In [None]:
import pandas as pd
import matplotlib as plt
import seaborn as sns
import random

In [None]:
# Let us start with a simple dataset
x = [i for i in range(0,22, 2)]
y = [4+0.8*i+random.random() for i in range(22, 0, -2) ]

# Dataframe
df = pd.DataFrame(
    {'x': x,
     'y': y}
)

In [None]:
df.head()

In [None]:
sns.scatterplot(x='x', y = 'y', data=df)

Let us look at the correlation between x and y. Pandas has a corr method that allows to find the correlation between two columns. For demo puposes, we created the dataset to be highly negatively correlated. Therefore, we should expect a number close to -1, as we are using Pearson's correlation.  

In [None]:
df.x.corr(df.y, method='pearson')

In [None]:
# The mean of x and y
x_mean = df.x.mean()
y_mean = df.y.mean()


df['xycov'] = (df['x'] - x_mean) * (df['y'] - y_mean)
df['xvar'] = (df['x'] - x_mean)**2

# Calculate the slope and intercept
m = df['xycov'].sum() / df['xvar'].sum()
c = y_mean - (m * x_mean)
print('c = ', c)
print ('m = ', m)
print ('line: ', 'y = '+str(round(c, 3))+'x + '+str(round(m,3)))

In [None]:
# Now we can use the line to predict y
df['y_pred'] = m*df['x']+c

In [None]:
df

In [None]:
# Lets plot the line
sns.lineplot(x='x', y = 'y_pred', data=df, color='red')
sns.scatterplot(x='x', y = 'y', data=df)

In [None]:
# Let us plot both y and y_pred to have a visual sense of how we did
df.plot(kind='bar', x='x', y=['y', 'y_pred'], figsize=(20, 5))

In [None]:
# Calculate the coefficient of determination or R squared
# The coefficient of determination is the proportion of the variance in the dependent variable that is predictable from the independent variable.
# It ranges from 0 to 1.

1 - ((df['y'] - df['y_pred'])).var()/df['y'].var()

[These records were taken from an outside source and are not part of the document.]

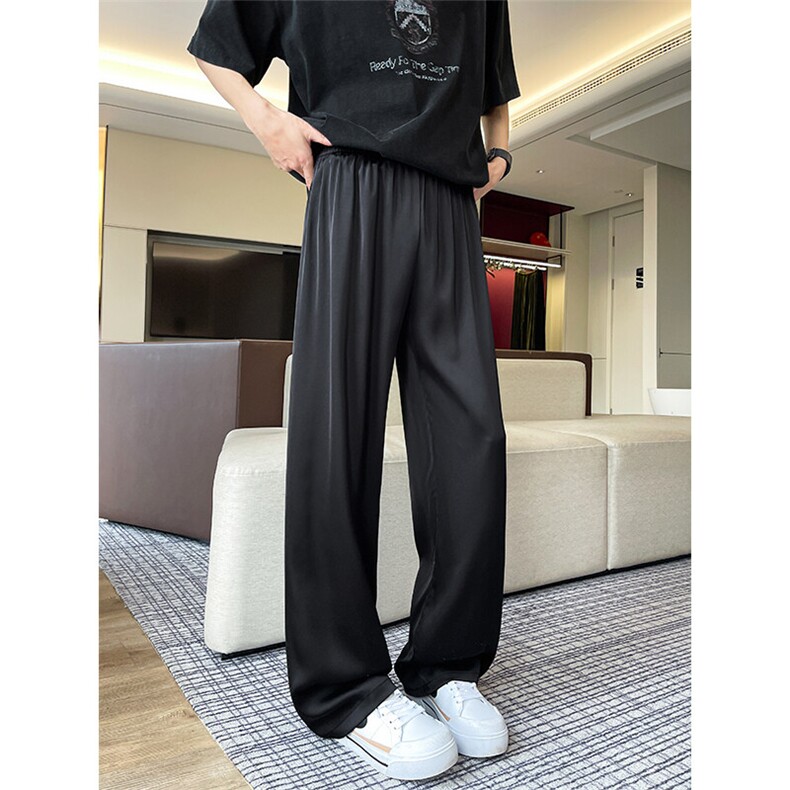 8XL-M特大码冰丝裤醋酸阔腿裤男缎面高腰垂感防晒凉凉裤K979P45,男装休闲裤,电商D206-1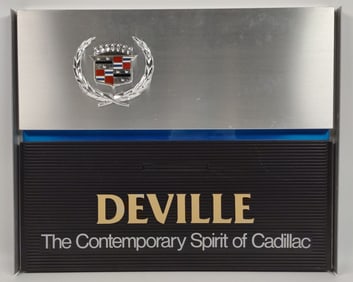Vintage Cadillac Deville Metal Dealership Advertising Sign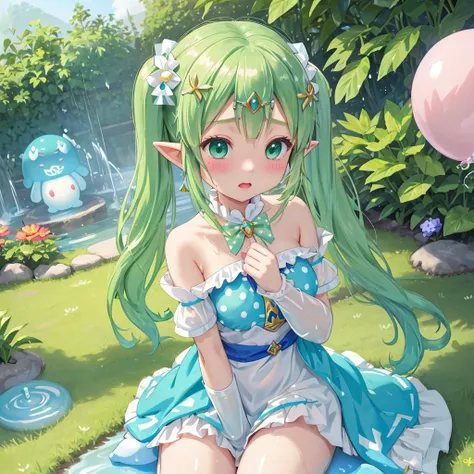 princess zelda、、girl、garden、slime、swimwear、polka dots、twin tails、green姦、sweat、get wet、drip、rubber balloon、green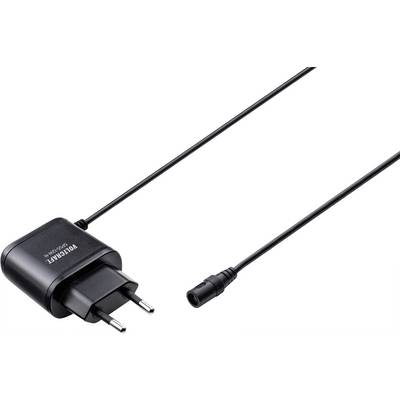Fekete hálózati adapter levehető kábellel, európai dugvillával. Elektronikus eszközök töltésére szolgál.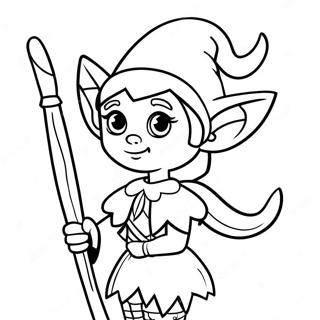 Elegant Elf With Magical Staff Coloring Page 17780-14326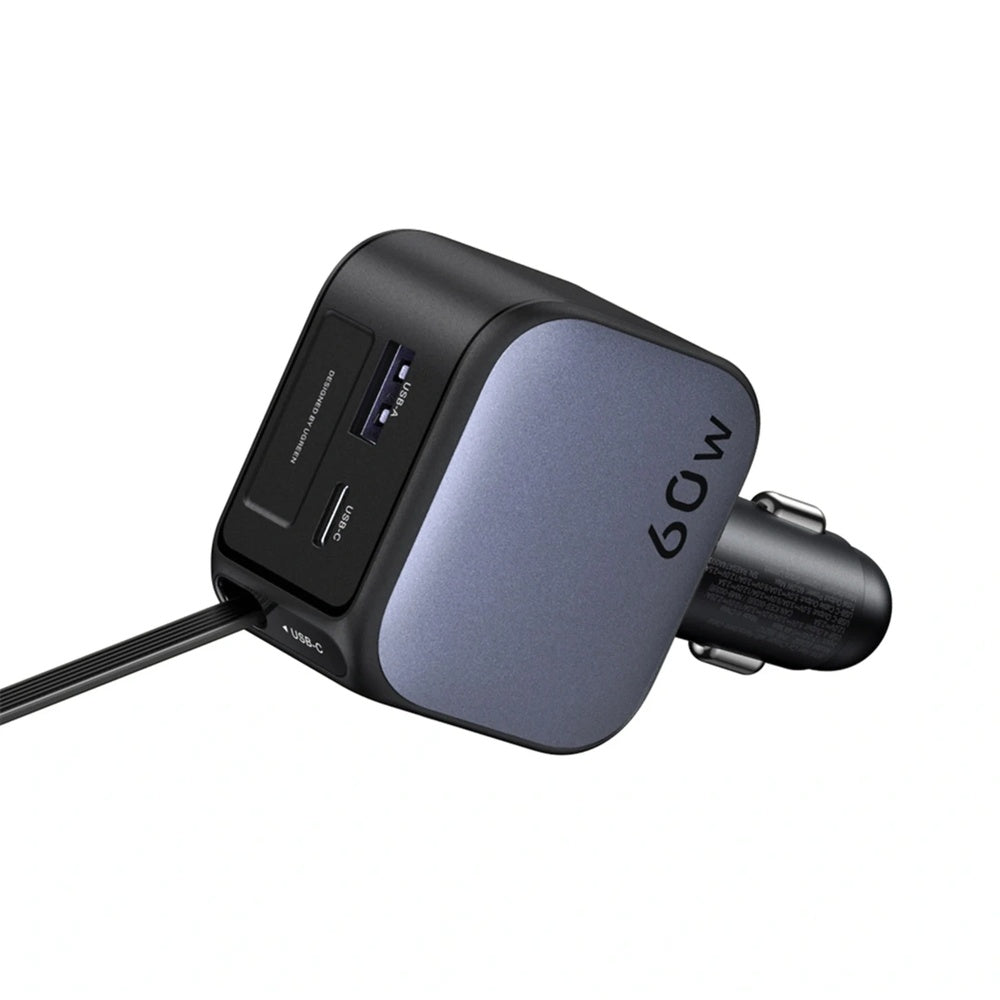 Cargador Ugreen de Vehiculo 60W con Cable Retractil 70cm Puertos 1xUSB-A 1xUSB-C Compatibilidad Universal 55212B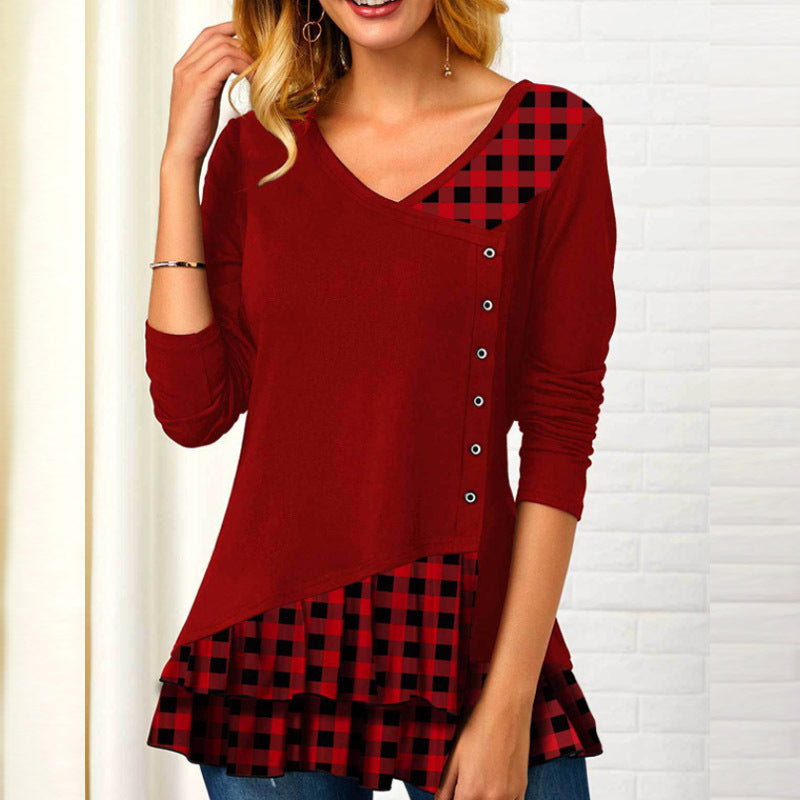 Women's new long-sleeved plaid irregular stitching T-shirts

Here the predictability is really good.

In [None]:
# If we wanted to predict what y would be when a new point x=11 is given, we could
m*11+c

Lets try out a real example

In [None]:
from google.colab import drive
drive.mount('/content/drive')

In [None]:
path = ""

In [None]:
df = pd.read_csv(path)

In [None]:
df.head()

In [None]:
df.tail()

Let us remove Achham and Udayapur for now. We will use the model we created to predict the proverty rate of Accham

In [None]:
df = df[1:-1]

In [None]:
df.tail()

In [None]:
sns.scatterplot(x='literacy rate', y = 'poverty rate', data=df)

In [None]:
df['literacy rate'].corr(df['poverty rate'], method='pearson')

In [None]:
x_mean = df['literacy rate'].mean()
y_mean = df['poverty rate'].mean()


df['xycov'] = (df['literacy rate'] - x_mean) * (df['poverty rate'] - y_mean)
df['xvar'] = (df['literacy rate'] - x_mean)**2

# Calculate the slope and intercept
m = df['xycov'].sum() / df['xvar'].sum()
c = y_mean - (m * x_mean)
print('c = ', c)
print ('m = ', m)
print ('line: ', 'y = '+str(round(c, 3))+'x + '+str(round(m,3)))

In [None]:
df['y_pred'] = m*df['literacy rate']+c

In [None]:
sns.lineplot(x='literacy rate', y = 'y_pred', data=df, color='red')
sns.scatterplot(x='literacy rate', y = 'poverty rate', data=df)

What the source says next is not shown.